Несмотря на переполох, Вирджиния была занята доработкой новых амбициозных планов по освобождению товарищей из тюрьмы Кастр, к которым теперь присоединился и Селестен. Офицеры разведки часто говорят о вере в необходимость защищать коллег и о травме, которую получают, оставляя своих товарищей[225]. Вирджиния не могла смотреть на это иначе как сквозь призму долга и, конечно же, гордости. Она тщательно проработала каждую деталь, основываясь на своем непревзойденном послужном списке столь же дерзких операций. Уже был найден автомобиль, который мог сойти за немецкую штабную машину, с подлинными номерными знаками и эсэсовской униформой для водителя. Два доверенных агента (Генри и Альфред Ньютоны) переоделись жандармами, а двое других, в водолазках, темно-зеленых бриджах и начищенных ботфортах, изображали офицеров гестапо в штатском. Вирджиния обучала их тому, как они должны расписаться в журнале по прибытии в тюрьму, а затем предъявить четыре «формы перевода заключенных» (от одного из ее опытных фальсификаторов) с приказом перевести британских узников в другую тюрьму. Когда заключенных выведут, «гестаповцы» должны были затолкать их в ожидающую машину, за ними должны были войти «жандармы», а затем быстро уехать. Если в какой-то момент у надзирателей возникнут подозрения, «гестаповцам» в качестве отвлекающего маневра следовало нажать на тревожные кнопки, изъять телефоны, чтобы предотвратить звонки о помощи, и расстрелять любого, кто будет пытаться преследовать машину[226].

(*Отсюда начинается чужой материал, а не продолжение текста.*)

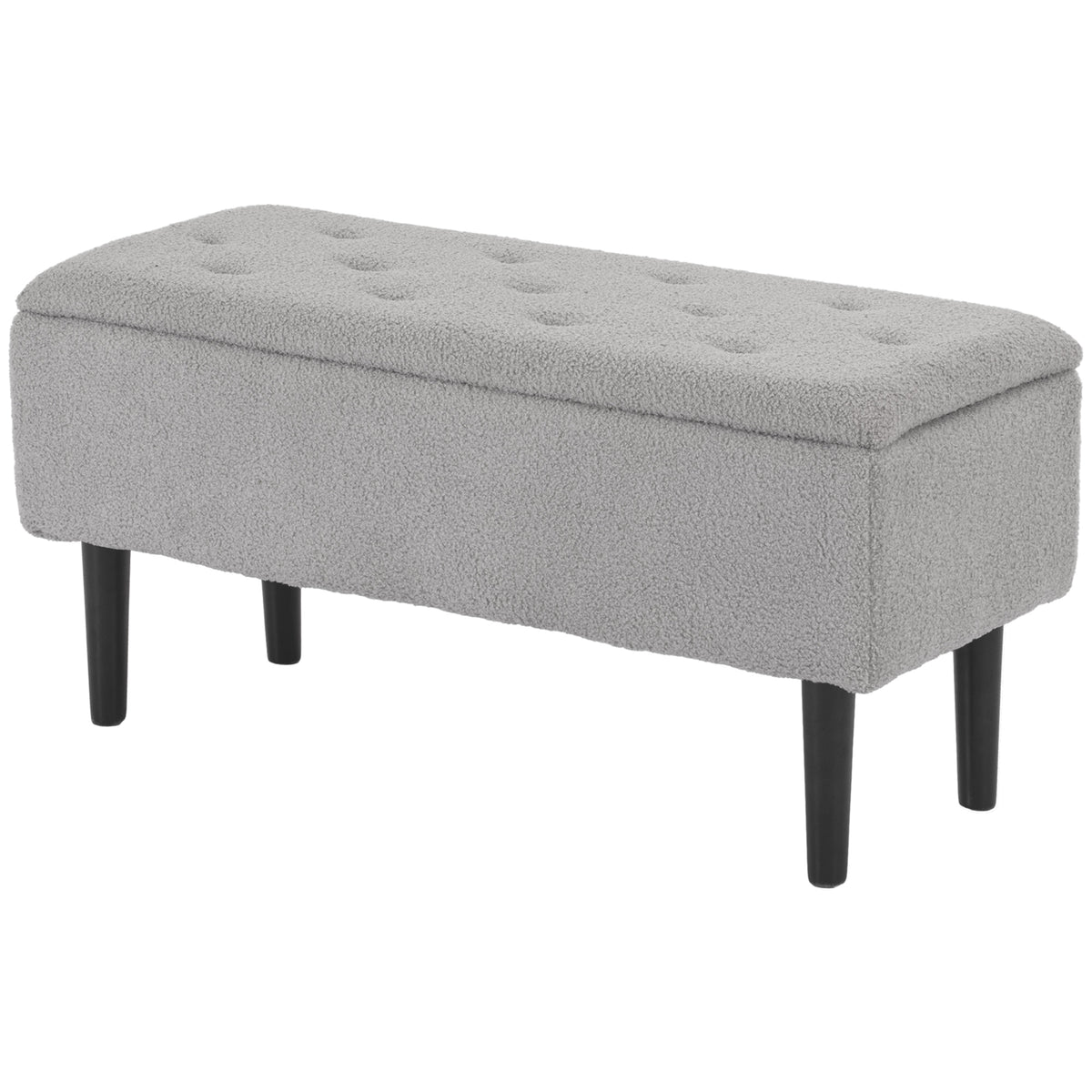 57L Padded Storage Ottoman Bench – Grey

Однако найти все элементы униформы жандармов оказалось неожиданно сложной задачей. А найти обмундирование нужного размера – практически невозможной. Ньютоны – акробаты эстрадной труппы, гастролировавшие по театрам Европы перед войной под сценическим именем Братья Бурн, – были довольно крупными, и в обтягивающих костюмах больше походили на матадоров, чем на полицейских[227]. Поэтому Вирджиния решила завербовать двух настоящих жандармов, которые были «готовы дезертировать и делать то, что нужно»[228]. Это тоже оказалось сложной задачей, так как подвергло бы офицеров и их семьи серьезной опасности. По окончании задания их нужно было немедленно вывезти из Франции, а семьи – передать под защиту Сопротивления. Ньютоны же были готовы работать. Ими двигала ненависть к Третьему рейху после личной трагедии – они потеряли родителей, жен и детей в сентябре 1941 года, когда немецкая подводная лодка атаковала SS Avoceta, пассажирское судно, шедшее из Лиссабона в Ливерпуль. Братья установили несколько контактов в жандармерии в Ле-Пюи, и в конце октября им наконец-то повезло.